Program by DFID-UK, SCPwD & National Star College-UK equips trainers with strategies to promote workplace inclusion
Making a workplace accessible to people with disabilities involves many things. Providing accessible technologies is a vital aspect; even more important is to make a person with disability feel included in the larger office culture. This is a facet something many organizations tend to overlook.
This is a challenge specific not just to India but even in countries where the culture of workplace inclusion is well entrenched. Research among organizations in the United Kingdom (UK) has shown that while people with disabilities get jobs, many don't stay on because they feel lonely and excluded at work.
Sensitizing employers and organizations to these various challenges is key and is the focus of a series of workshops conducted by the National Star College, UK in partnership with the Department for International Development (DFID)-UK and Skill Council for Persons with Disability (SCPwD).

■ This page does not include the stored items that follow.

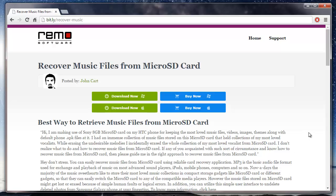Hey there! In this video, I'm going to show you how you can recover deleted MP3 files from a microSD card by making use of a recovery software that I found on this site.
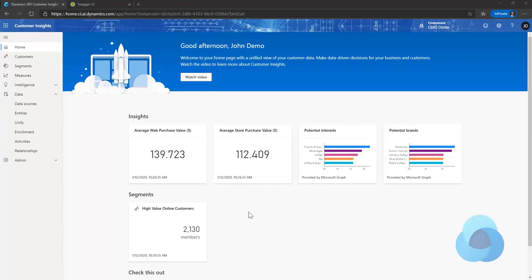Hello and welcome to CI in Under 5. My name is John Wheezy. In this episode, I'm going to talk to you about a feature that is asked about pretty frequently: how do you copy information from one environment to another, sometimes referred to as DevOps.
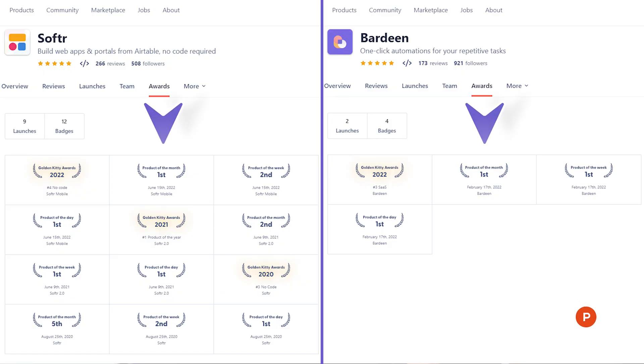By the way, both products have won product of the month and product of the year on Product Hunt. They're blowing up.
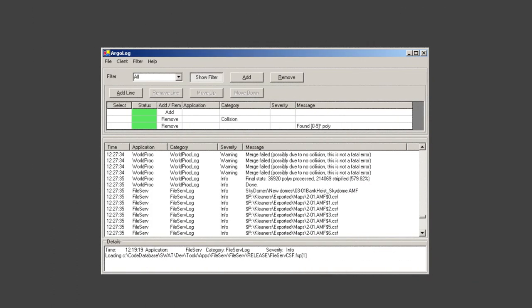Before geometry could be loaded into the engine it needed to be heavily processed. Some processing was common to both Xbox and PS2, for example splitting the maps into sensible chunks for culling and generating long lists of adjacent triangles called strips, but most was platform specific. On PS2 we would need to generate data suitable for sending to the Graphics Synthesizer via our custom written vector unit code. On Xbox the output was mostly various formats of Direct3D vertex buffers.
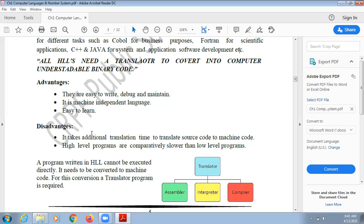The disadvantages of high level languages are that they take additional translation time to translate the source code to machine code. It is a time-consuming process because the computer has to translate from your language to machine code, and the output also has to be converted back. High level programs are comparatively slower than low level programs because of this translation overhead.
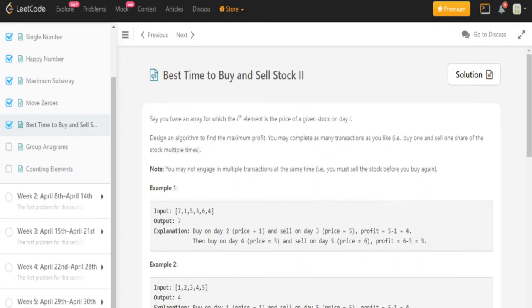What's up guys, my name is Michael and welcome to my YouTube channel. Today we're going to do another LeetCode Challenge question. I've really been not doing these questions for the days, but this is the best time to buy and sell stock.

Called Top-Up Training of Trainers (ToTs), the most recent one in Delhi dealt with visual disability. The focus was on assistive technologies and the many online and offline tools that exist. Participants included various training providers, employers and practitioners from states like Rajasthan, Jharkhand, and Uttar Pradesh, apart from Delhi.
A similar training session was done for master trainers as well called Training of Master Trainers (ToMT).

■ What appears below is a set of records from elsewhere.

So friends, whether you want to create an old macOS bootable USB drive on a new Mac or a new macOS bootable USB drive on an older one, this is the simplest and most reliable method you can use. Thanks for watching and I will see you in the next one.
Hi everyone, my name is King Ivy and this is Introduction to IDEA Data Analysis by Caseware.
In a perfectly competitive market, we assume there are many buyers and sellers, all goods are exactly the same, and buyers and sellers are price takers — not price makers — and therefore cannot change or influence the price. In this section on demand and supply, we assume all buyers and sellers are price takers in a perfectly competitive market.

"The aim is to create an eco-system", says Dr Niharika Nigam, Head Quality & Standards, SCPwD, which is conducting many such programs towards empowering people with disabilities in the workforce. "An ecosystem that will bring together companies, employers, disabled employees and NGOs working in the space of skilling disabled people, with the aim of creating awareness and sensitization".
This is the second phase of a pilot project launched in November last year. The project aims at delivering inclusive training approaches for trainers working with people with disabilities, with each program focusing on a specific disability. The last one in Hyderabad looked at pan disabilities.
The training is such that it is delivered in an active way.
We are training master trainers who will eventually train the trainers by giving them inputs on different disabilities. We look at imparting training delivery techniques as well as styles. We give them the content and do inclusive activities so they conduct the training in a participatory way, rather than purely focus on lectures or watching PPTs. - Jane Finch, Head of Teacher Education, Equality, Diversity and Inclusion National Star College
The main challenge, says Finch, is sensitizing employers to the disability. "Like for a visually impaired person, they need to recognize how to work with them so they feel included", says Finch. "It's also to do with the larger perception within the organization, to raise awareness that a person with disability can do a whole range of jobs and to enable them to do it.".
The Delhi program will be followed by a similar training program in Kolkata, this time relating to intellectual disabilities.
Focusing on accessible technologies and infrastructure at the workplace is a major step forward, but looking at that alone is a myopic approach. The challenges faced by people with disabilities when it comes to being a part of the workforce are many. They start at the home front with many families and parents unwilling or scared to let them go out into the world. There is also the matter of unrealistic expectation at work.
Challenges that trainers can be prepared for with the right strategies in place, something training programs like these can help equip them with.